As a CIO, there’s a good chance that you already know who your boss is; however, the person you perceive to fulfill that role may not actually be the one that truly evaluates your performance. But the organizational chart isn’t telling you the truth, how do you determine who’s really your boss? In this article, we will explore how you can find that out to ensure you are making the best impact possible before your review arrives.
The true boss of a CIO will likely be heavily influencing the perceived boss that a CIO has. While you may not see their faces, they could be board members, shareholders or any other influential person that may be linked to your organizational manager. And although these outside influences won’t facilitate your performance review, the impact they have on it could be massive. The perception of your success as a CIO that they have could either open new doors for you or close them just as quickly.
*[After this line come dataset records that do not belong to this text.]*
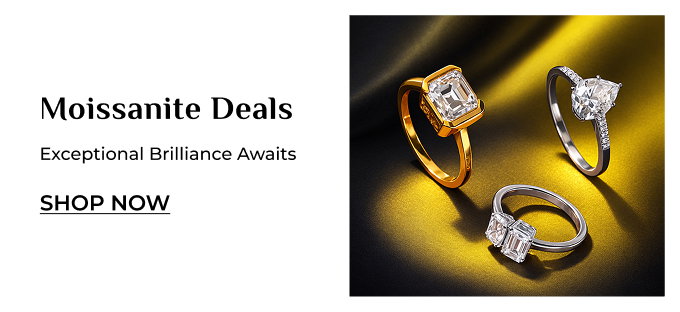 Moissanite Deals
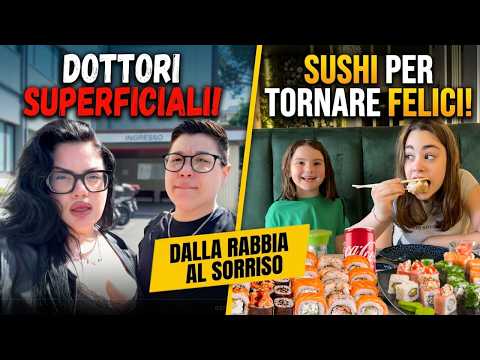 Visita medica da INCUBO: Una giornata assurda finita al Sushi con Lara e Zoe  / chiara paradisi thumbnail
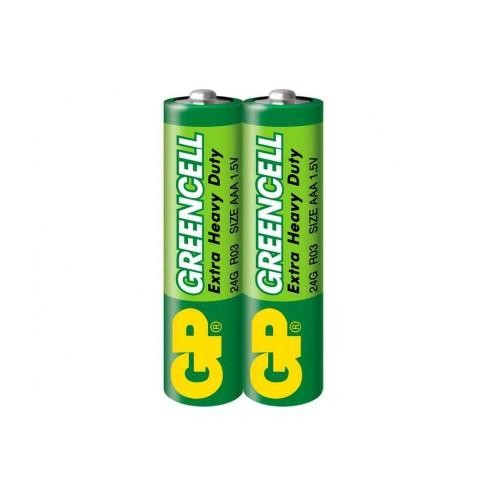 Батарейка GP Greencell 24G/R03 SR2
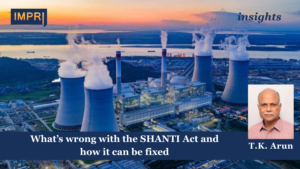 What’s wrong with the SHANTI Act and how it can be fixed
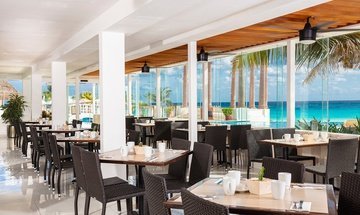 Restaurante Aquamarina Hotel Krystal Cancún - 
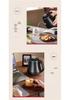 Automatic Electric Tea Brewing Kettle with Built-in Teapot and Stand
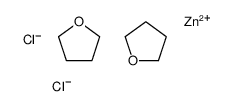 Zinc chloride tetrahydrofuran complex Structure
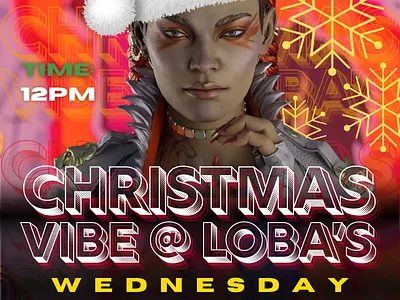 HangOut Flier graphic design social media graphics visual design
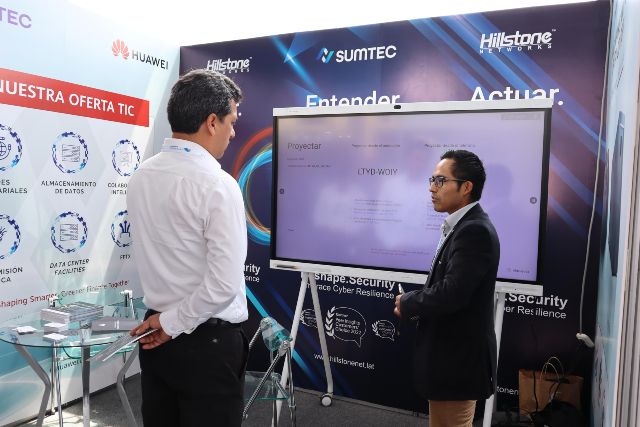 Sumtec presenta soluciones de Datacenter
Knowing who these influencers are is critical for your success as a new CIO, making it important to uncover within the first 30 days. Once you know who this person is, you can find out what type of boss they are and the expectations that they will have on you. In some cases, keeping your direct organizational manager happy will be enough while going the extra mile to affect the opinion of other unspoken entities may be required. But you won’t truly know unless you start doing some digging. As you can see, it’s not uncommon for a new CIO to have to appease not only their direct manager but also any other outside influences that may have a stake in his or her position. Since many members of the C-Suite often misunderstand the CIO role, determining whom these “bosses” may be and their vision for your position can help determine the appropriate steps to take after the initial 30 days are completed. Take the time during your initial 30 days to complete this goal and ensure you are making a positive impact on management and the organization as a whole.